Train the Model on the Device#

Once the training artifacts are generated, the model can be trained on the device using the onnxruntime training python API.

The expected training artifacts are:

  1. The training onnx model

  2. The checkpoint state

  3. The optimizer onnx model

  4. The eval onnx model (optional)

Sample usage:

from onnxruntime.training.api import CheckpointState, Module, Optimizer

# Load the checkpoint state
state = CheckpointState.load_checkpoint(path_to_the_checkpoint_artifact)

# Create the module
module = Module(path_to_the_training_model,
                state,
                path_to_the_eval_model,
                device="cpu")

optimizer = Optimizer(path_to_the_optimizer_model, module)

# Training loop
for ...:
    module.train()
    training_loss = module(...)
    optimizer.step()
    module.lazy_reset_grad()

# Eval
module.eval()
eval_loss = module(...)

# Save the checkpoint
CheckpointState.save_checkpoint(state, path_to_the_checkpoint_artifact)
class onnxruntime.training.api.checkpoint_state.Parameter(parameter: Parameter, state: CheckpointState)[source]#

Bases: object

Class that represents a model parameter

This class represents a model parameter and provides access to its data, gradient and other properties.

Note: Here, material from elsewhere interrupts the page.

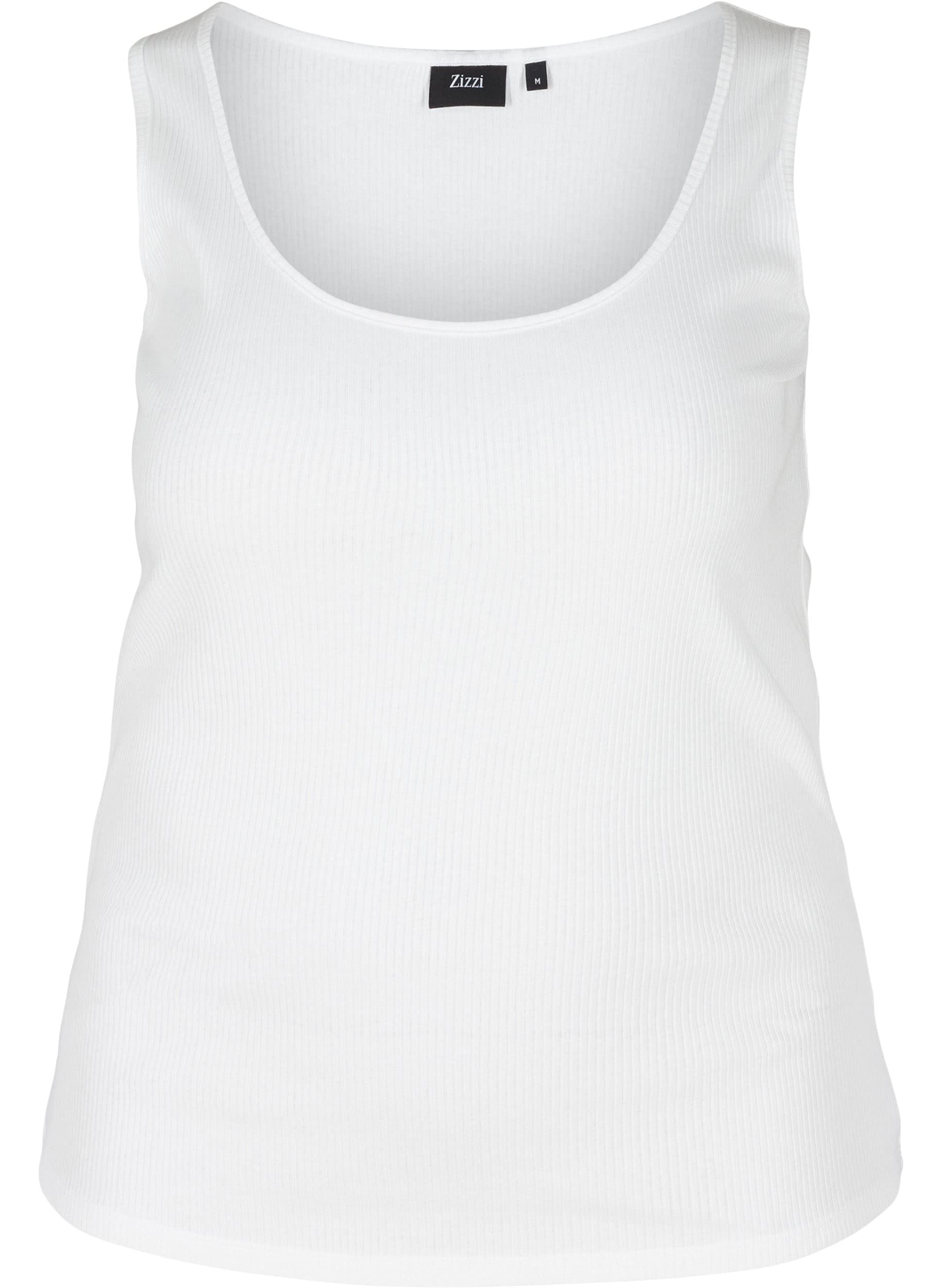 Zizzi T-Shirts Tanktop Damen 2er Pack Ripp Baumwolle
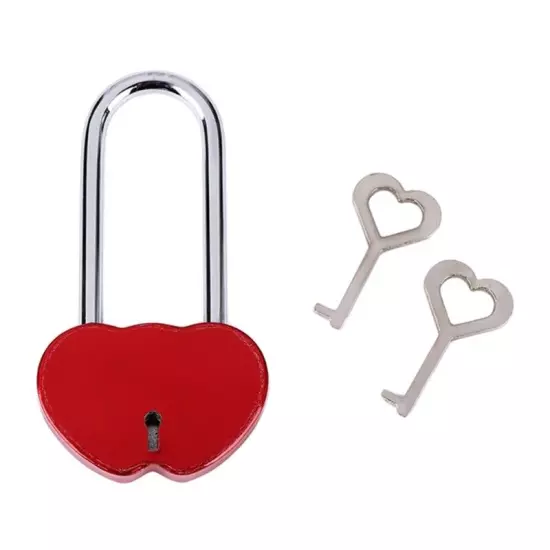 Love Shape Antique Padlock with for Key Notebook Stationery Accessories Pad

This class is not expected to be instantiated directly. Instead, it is returned by the CheckpointState object.

Parameters:
  • parameter – The C.Parameter object that holds the underlying parameter data.

  • state – The C.CheckpointState object that holds the underlying session state.

property name: str#

The name of the parameter

property data: ndarray#

The data of the parameter

property grad: ndarray#

The gradient of the parameter

property requires_grad: bool#

Whether or not the parameter requires its gradient to be computed

__repr__() str[source]#

Returns a string representation of the parameter

class onnxruntime.training.api.checkpoint_state.Parameters(state: CheckpointState)[source]#

Bases: object

Class that holds all the model parameters

This class holds all the model parameters and provides access to them. This class is not expected to be instantiated directly. Instead, it is returned by the CheckpointState’s parameters attribute. This class behaves like a dictionary and provides access to the parameters by name.

Parameters:

state – The C.CheckpointState object that holds the underlying session state.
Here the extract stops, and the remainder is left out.